> DATA PROVIDED:
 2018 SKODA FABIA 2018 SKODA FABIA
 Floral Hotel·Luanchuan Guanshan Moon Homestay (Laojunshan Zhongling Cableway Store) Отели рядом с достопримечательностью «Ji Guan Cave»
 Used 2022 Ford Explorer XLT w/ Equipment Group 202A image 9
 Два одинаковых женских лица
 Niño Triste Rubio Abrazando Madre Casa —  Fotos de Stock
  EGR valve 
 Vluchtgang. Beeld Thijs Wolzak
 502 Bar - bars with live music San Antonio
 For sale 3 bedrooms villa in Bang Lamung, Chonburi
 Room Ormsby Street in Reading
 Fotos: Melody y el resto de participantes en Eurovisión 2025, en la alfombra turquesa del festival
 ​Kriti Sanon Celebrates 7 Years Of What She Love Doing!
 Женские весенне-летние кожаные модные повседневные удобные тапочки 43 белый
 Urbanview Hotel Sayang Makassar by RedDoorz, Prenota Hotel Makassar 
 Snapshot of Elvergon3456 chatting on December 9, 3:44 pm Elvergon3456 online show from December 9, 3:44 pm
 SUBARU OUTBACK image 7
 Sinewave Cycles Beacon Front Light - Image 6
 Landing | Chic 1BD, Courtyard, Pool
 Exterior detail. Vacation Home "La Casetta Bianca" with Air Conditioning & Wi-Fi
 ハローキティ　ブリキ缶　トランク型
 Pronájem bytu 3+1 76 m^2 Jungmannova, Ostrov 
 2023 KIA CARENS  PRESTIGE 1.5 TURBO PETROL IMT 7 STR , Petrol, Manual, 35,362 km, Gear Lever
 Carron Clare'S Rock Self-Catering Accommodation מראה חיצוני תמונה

> ACTIVITY: Among the lines above, find those holding "Hotel" and copy each one.

> EXPECTED ANSWER:
 Floral Hotel·Luanchuan Guanshan Moon Homestay (Laojunshan Zhongling Cableway Store) Отели рядом с достопримечательностью «Ji Guan Cave»
 Urbanview Hotel Sayang Makassar by RedDoorz, Prenota Hotel Makassar 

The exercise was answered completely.